Retrieve relevant information: The next step is to perform a relevancy search. The user query is converted to a vector representation and matched with the vector databases. For example, consider a smart chatbot that can answer human resource questions for an organization. If an employee searches, “How much annual leave do I have?” the system will retrieve annual leave policy documents alongside the individual employee’s past leave record. These specific documents will be returned because they are highly-relevant to what the employee has input. The relevancy was calculated and established using mathematical vector calculations and representations.

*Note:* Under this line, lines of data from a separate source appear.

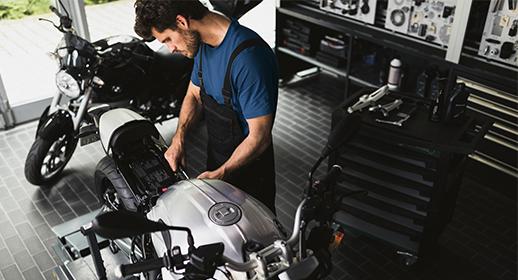 Das Bild zeigt einen Mechaniker in blauer Arbeitskleidung, der konzentriert an einem silbernen Motorrad arbeitet. Er scheint gerade das Heck oder die Sitzbankpartie zu demontieren oder zu prüfen. Im Hintergrund ist eine saubere, gut organisierte Werkstatt mit Werkzeugwagen und einem weiteren schwarzen Motorrad zu sehen. Der Fokus liegt hier auf der Präzision und Detailarbeit bei Reparaturen.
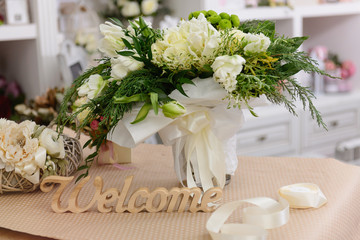 Stylish wedding cream flower bouquet near welcome sign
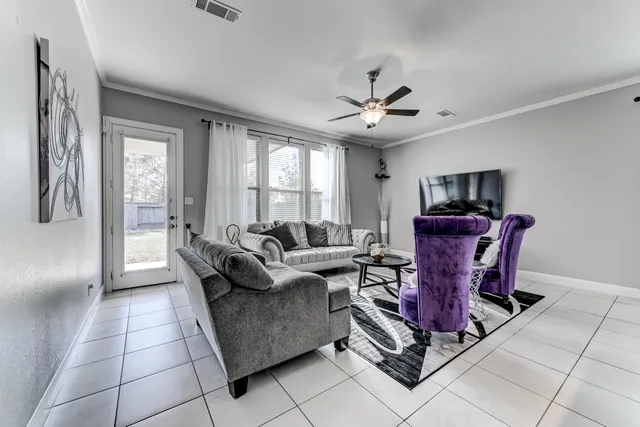 a living room with furniture a chandelier and a piano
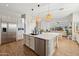 Spacious open kitchen with stainless steel appliances, a center island, and views into the living area at 3917 E Patrick Ln, Phoenix, AZ 85050
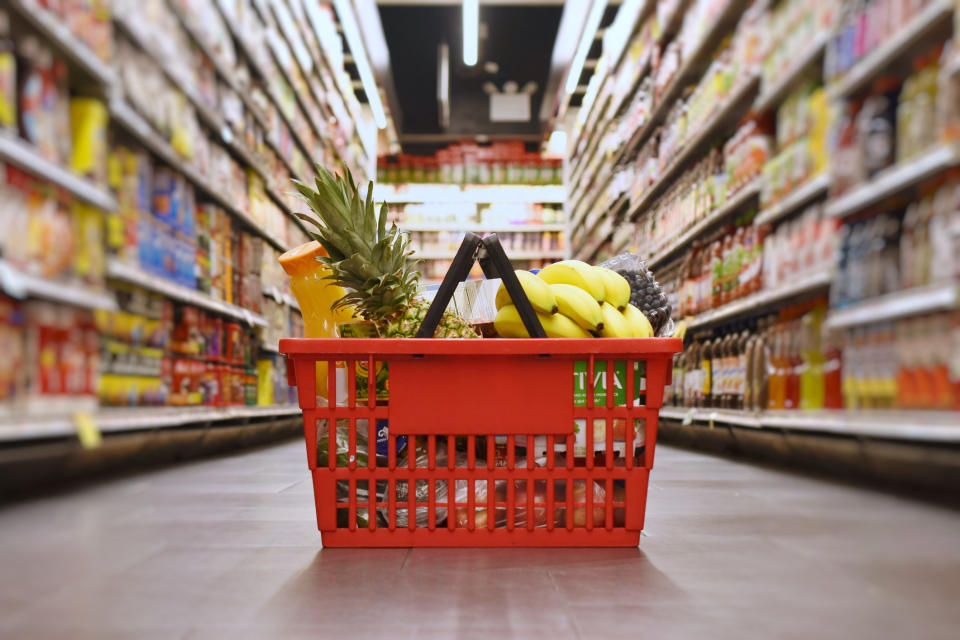 A full basket sits in the middle of an aisle in a grocery store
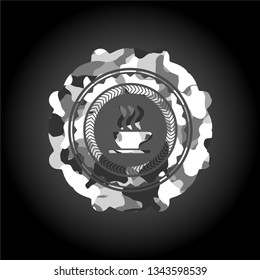 coffee cup icon on grey camouflaged pattern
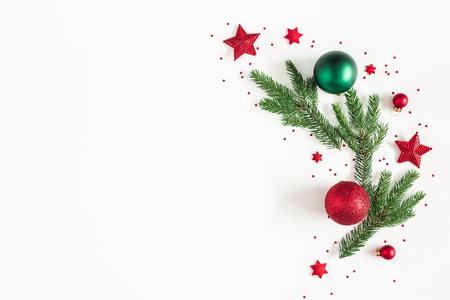 Christmas composition. Fir tree branches, red and green decorations on white background. Christmas, winter, new year concept. Flat lay, top view, copy spaceの写真素材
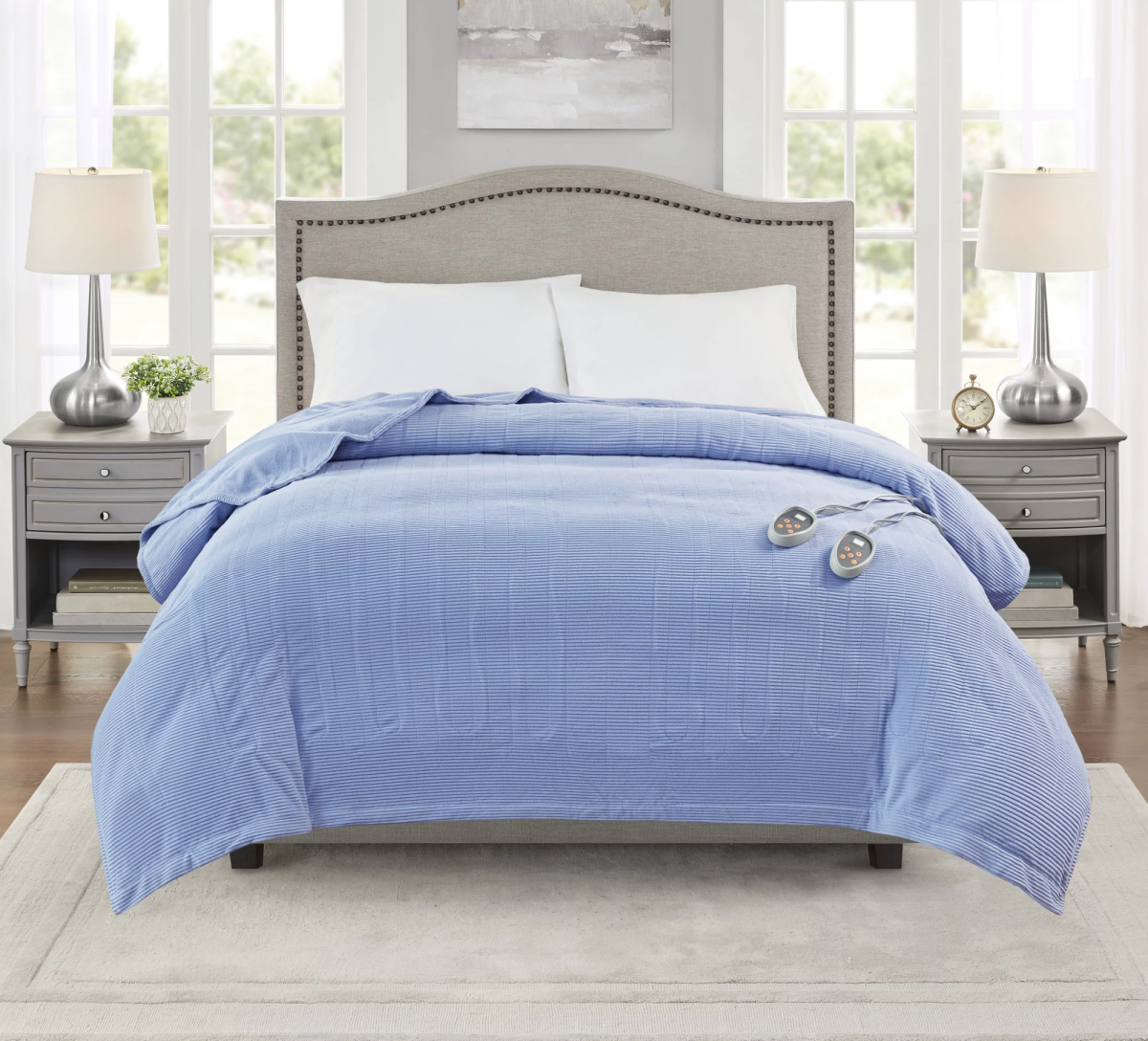 A blue blanket draped over a bed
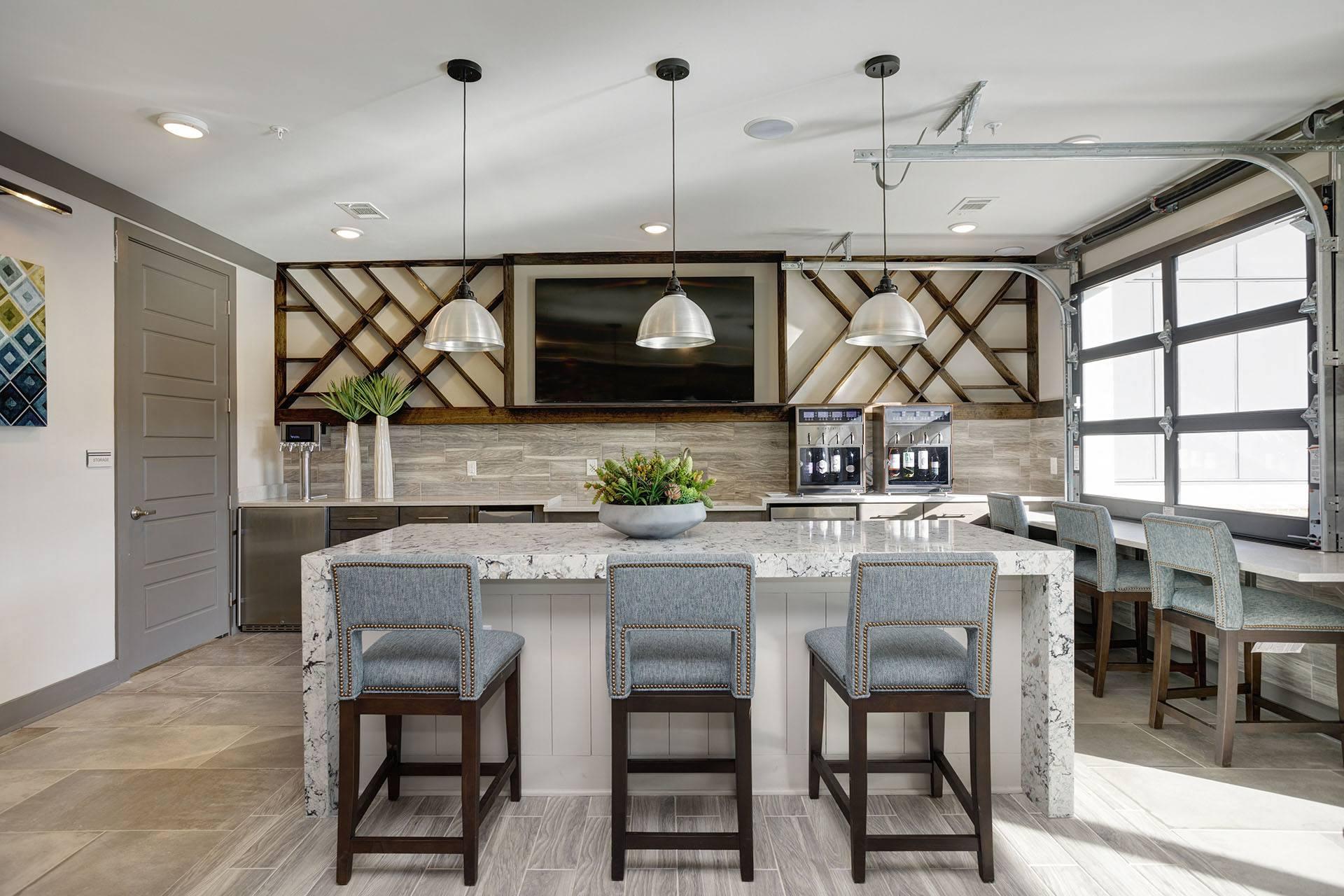 A kitchen with a marble island and bar stools.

Augment the LLM prompt: Next, the RAG model augments the user input (or prompts) by adding the relevant retrieved data in context. This step uses prompt engineering techniques to communicate effectively with the LLM. The augmented prompt allows the large language models to generate an accurate answer to user queries.

Update external data: To maintain current information for retrieval, asynchronously update the documents and update embedding representation of the documents. This is done through automated real-time processes or periodic batch processing. This is a common challenge in data analytics—different datascience approaches to change management can be used.

Explaining working of RAG with an example: Smart chatbot designed to answer human resource questions for an organization

1. Query: “How much annual leave do I have?”
2. Query converted to vector representation
3. Embedding model searches the vector database, which contains vectors representing the organization’s annual leave policy documents and the specific employee’s past leave records.
4. Retrieves the relevant documents: the general annual leave policy and the employee’s leave record.
5. User’s query is combined with the retrieved documents into an augmented prompt
6. Augmented prompt is structured using prompt engineering techniques to ensure clarity and context for the LLM and fed to LLM.
7. LLM generates a response that combines its general knowledge about annual leave policies with specific details from the retrieved documents.
8. Final Response: “You have 10 days of annual leave remaining according to the company’s policy and your past leave records.”

Benefits of RAG:

1. Enhanced Contextual Understanding
2. Diverse and Relevant Outputs
3. Flexibility in Knowledge Integration

The Retrieval-Augmented Generation (RAG) model significantly enhances the capabilities of large language models by converting user queries into vector representations, retrieving relevant information, and augmenting prompts with this data. It ensures that LLM-generated responses are relevant, contextually rich, and up-to-date. This approach provides flexibility and adaptability in integrating new knowledge, making it a cost-effective and powerful solution for various applications such as Chatbots, Education Tools, Language Translation and many more.